Cathay Pacific has battled the rapid international expansion of Chinese airlines and the ongoing rise of Middle East carriers offering long-haul to long-haul connections through their hubs that have bitten into previously lucrative markets.

In particular, the growth of Chinese carriers on international routes has reduced the number of passengers from China transiting through Cathay’s Hong Kong hub.

And at the budget end, Asia-based low-cost carriers have won passengers happy to pay lower fares for a no-frills product on short- and medium-haul routes.

Cathay Pacific chairman John Solsar said the operating environment remained challenging.

“Revenue generation was satisfactory during the first half of 2018, with passenger yield improving,” Solsar said in Cathay Pacific’s first half results.

“Our cargo business was strong, with growth in both volume and yield. We benefited from a weak US dollar during the early part of the period, but were adversely affected by significantly increased fuel prices.”

Cathay Pacific said fuel costs increased by 7.1 per cent in the first half.

Transformation program to redesign the whole business

In 2016, the airline embarked on a three-year transformation program that comprised a reorganisation of the business, hundreds of staff layoffs and adding more seats on existing aircraft, among other initiatives.

Hogg said focus of the transformation program on the period ahead was on “redesigning the whole business”.

“We are taking nine big processes, or work streams, that together comprise everything that we do in the business and we are mapping them out,” Hogg said.

“We are not redesigning them in the traditional sense of business process engineering, we are applying new technologies, we are applying digital and better data so that we make better decisions and we are able to improve the customer service.

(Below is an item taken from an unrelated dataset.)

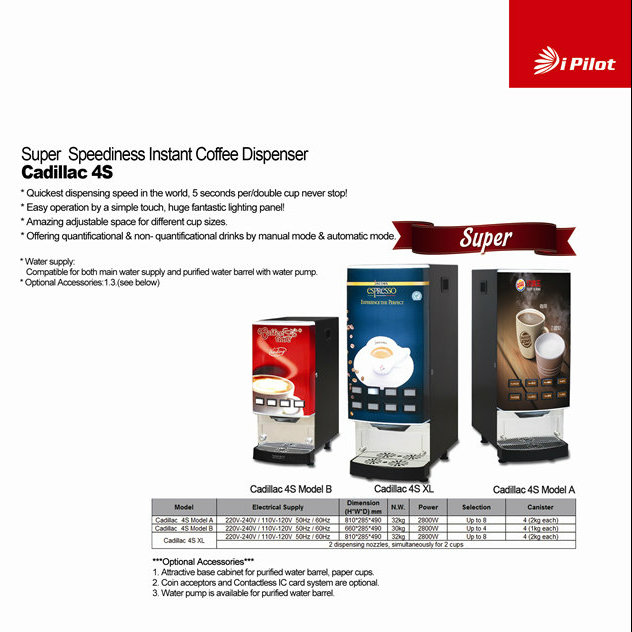 Super Speediness Instant Coffee Dispenser Excellent Hot Beverage Dispenser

“That is a big piece of work. We are confident that it will structurally change the way this business operates so we become more productive year on year.”

There has also been an investment in new, more fuel-efficient aircraft for Cathay Pacific and its regional wing Cathay Dragon.

Cathay Pacific has been taking delivery of new Airbus A350-900s and A350-1000s that has allowed the airline to open up new destinations such as Brussels, Copenhagen and Tel Aviv in Europe, with Washington DC to start in September.

The airline also has 21 Boeing 777-9Xs also on order.

Similarly, Cathay Dragon has 21 Airbus A321neos on order due for delivery from 2020.

In June 2018, Cathay Pacific took delivery of its first A350-1000.

Australia, New Zealand show yield improvements

Cathay Pacific said competition on its Southwest Pacific network, which covers Australia and New Zealand, “remained fierce” due to increased capacity from other carriers.

However, it said less reliance on transit passengers helped improve yield.

Cathay Pacific serves six points in Australia and two destinations in New Zealand with passenger flights. It said yields, an industry measure of average airfares per passenger per kilometre, rose three per cent in the first half of calendar 2018.

The Australia-Hong Kong market became a three-cornered contest in July 2017, when Virgin Australia started nonstop flights from Melbourne with Airbus A330-200s configured with 20 business class and 255 economy class seats.

In July 2018, Virgin Australia added a second route to Hong Kong when it started serving the Special Administrative Region from Sydney.

In the six months to June, Cathay Pacific said capacity to Southwest Pacific, measured by available seat kilometres (ASK), rose 6.2 per cent, while passenger load factors declined 3.6 percentage points to 81.6 per cent.

The airline has been replacing 251-seat, three-class Airbus A330-300s with Boeing 777-300ERs (340 seats) and A350-900s (280 seats) on its Australian routes.

Cathay Pacific flight CX100, operated by 777-300ER B-KQR, at Sydney Airport. (Cathay Pacific)
Cathay Pacific flight CX100, operated by 777-300ER B-KQR, at Sydney Airport. (Cathay Pacific)

Overall, passenger yields across the Cathay Pacific network rose 7.6 per cent, with demand, measured by revenue passenger kilometres (RPK), up 2.5 per cent.

“Premium class demand was strong, particularly on long haul routes,” Cathay Pacific said.

“Yield improvement reflects improvements in revenue management, strong premium class demand, favourable foreign currency movements and increased revenue from fuel surcharges.”

Cargo improves

There was also encouraging news on the cargo front, with Cathay Pacific describing demand as “strong” in the first half of calendar 2018 as the volume of freight carried grew faster than available capacity.

Revenue from Cathay Pacific’s cargo business rose 23 per cent in the first half, while yields improved 16.3 per cent.

“Shipments from Hong Kong and Mainland China were stable and trans-shipment from the Indian subcontinent, Europe, Japan and Southeast Asia were strong,” Cathay Pacific said.

Outlook encouraging

Looking ahead, Solsar noted the company usually performed better in the second half of the year than in the first half of the year.

“We expect this to be the case in 2018,” Slosar said.

“The strength of the US dollar and economic uncertainty arising from global trade concerns remain challenges. But we still expect passenger yields to continue to improve and the cargo business to remain strong.”